(To do) Every line below from the one with "First, we need" through the one with "Hey everyone, this" is to be repeated exactly, with no picture among them.

(Dataset excerpt)
++++++++++

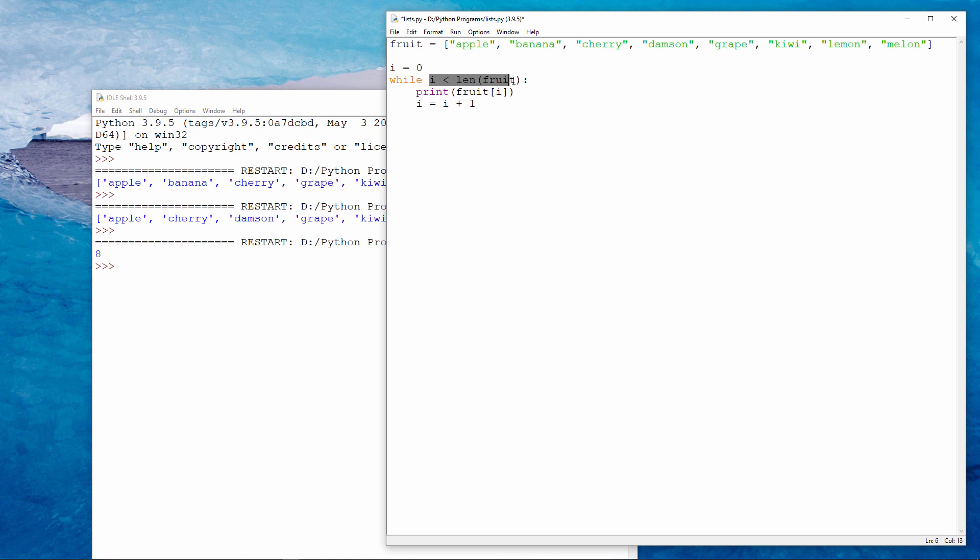Two is less than eight. So now we print item number two. And so on. And this continues until such time as i is no longer less than eight. Eventually i will become eight, in which case the code will continue from here.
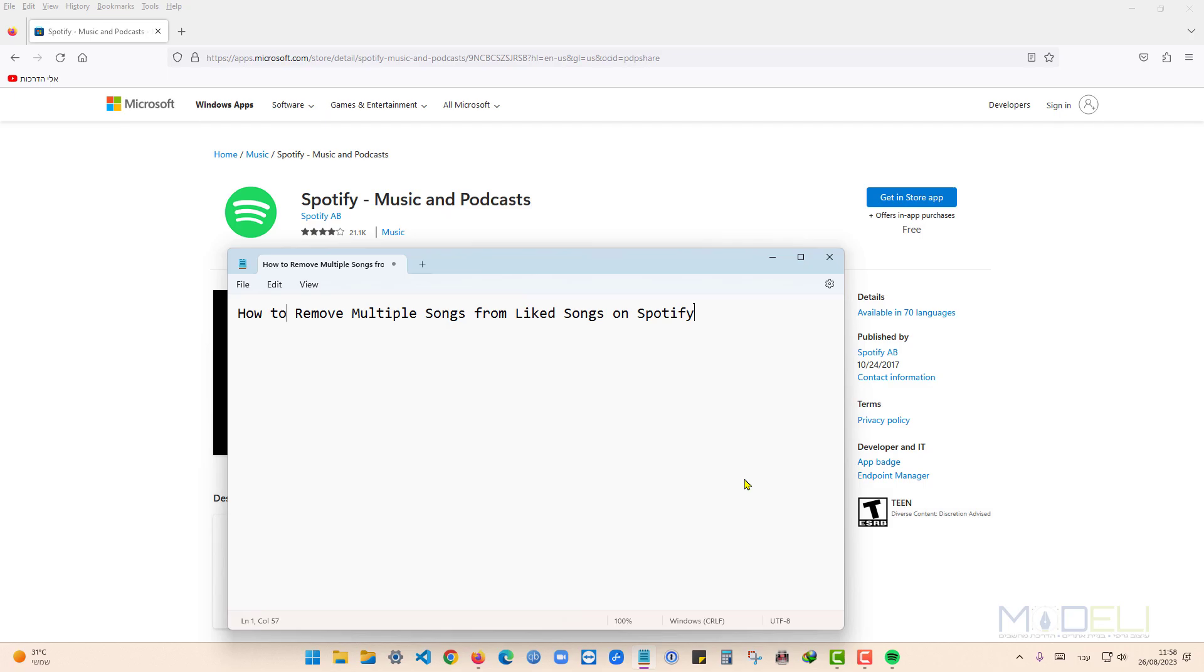First, we need to download the Spotify app for Windows. I will put you a link under the video.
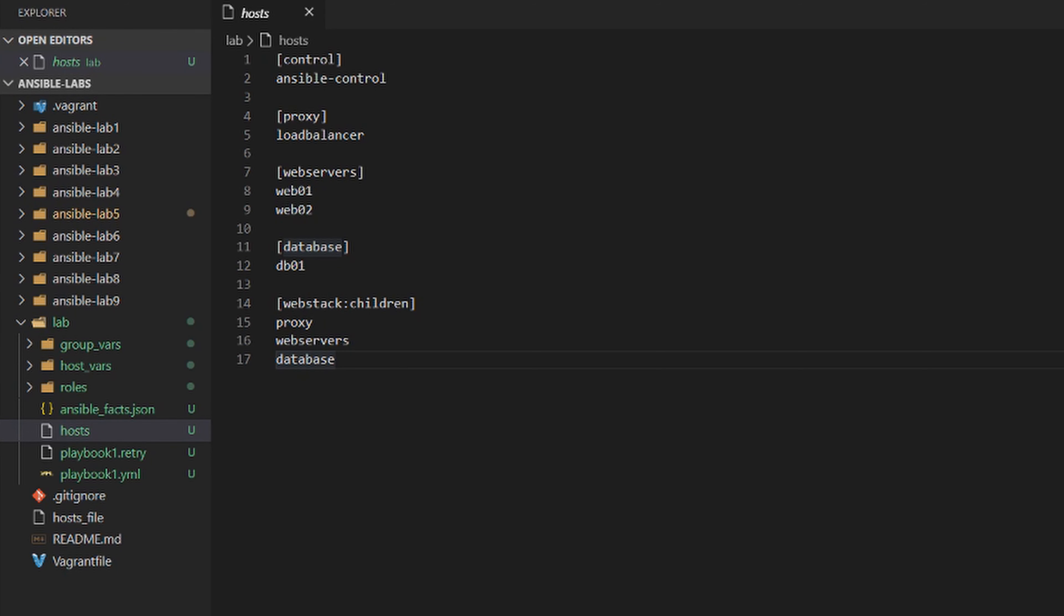Hey everyone, this is Brad from DevOps Journey. We're continuing our Ansible course on lab number eight. In this lab, we're going to create two inventory files—one for a development environment and one for production. I'll show you how easy it is to have separate inventory files and set variables within those inventory files.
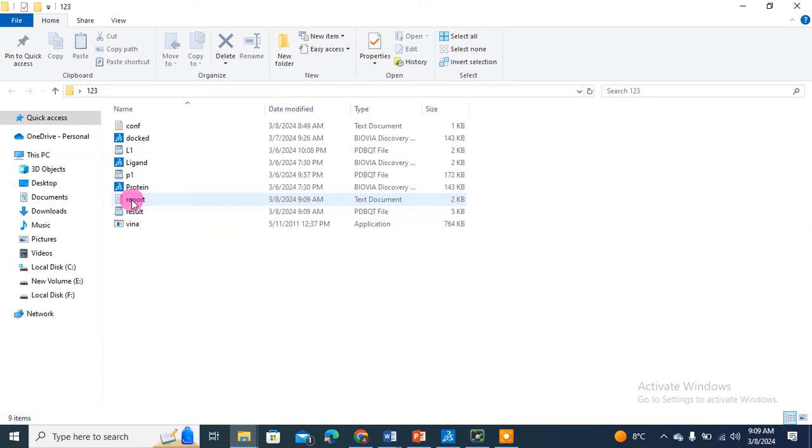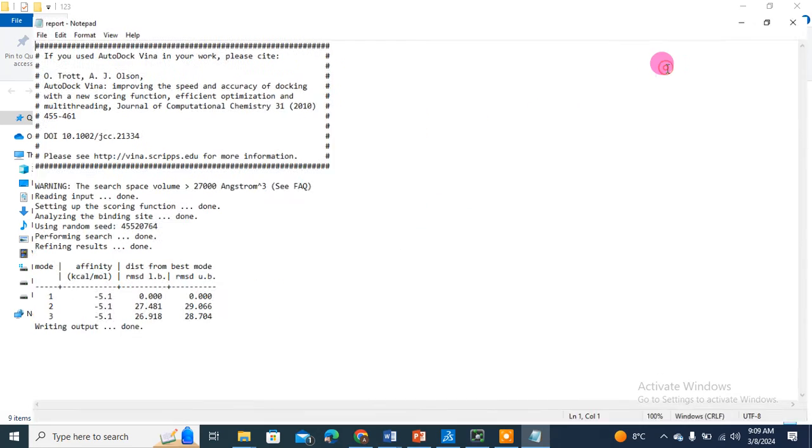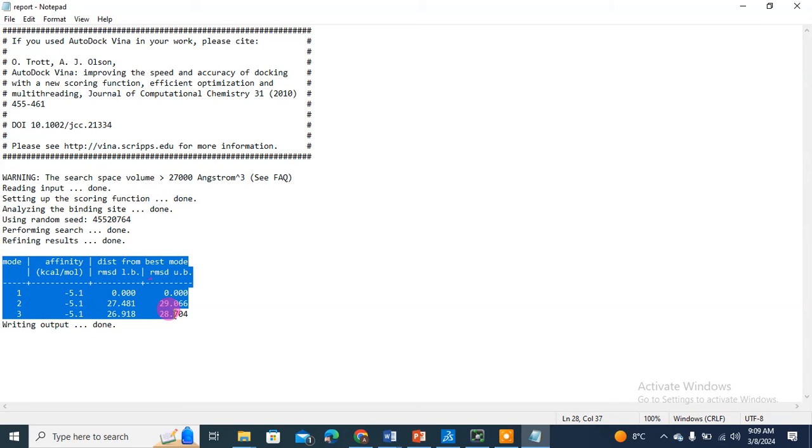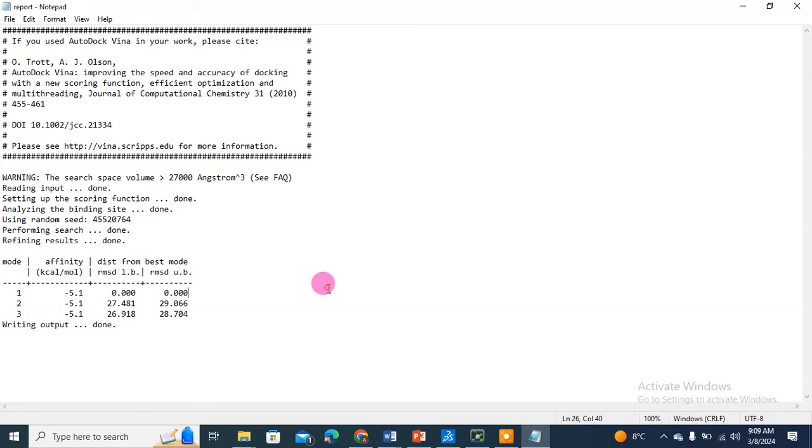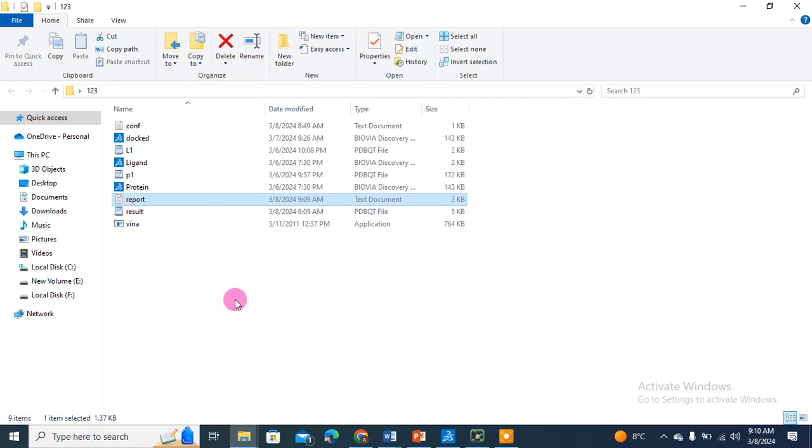We generated result.pdbqt last time also. This time we have generated another report file. You can use this very effectively - it was not generated last time. All the energies and information are copied here in this report. You can keep it for further studies. We have generated three poses. I have shown you two tricks and how to generate a complete report. Now finally, I'm going to teach you how to generate a PDB complex.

++++++++++

(Answer below)
First, we need to download the Spotify app for Windows. I will put you a link under the video.
Hey everyone, this is Brad from DevOps Journey. We're continuing our Ansible course on lab number eight. In this lab, we're going to create two inventory files—one for a development environment and one for production. I'll show you how easy it is to have separate inventory files and set variables within those inventory files.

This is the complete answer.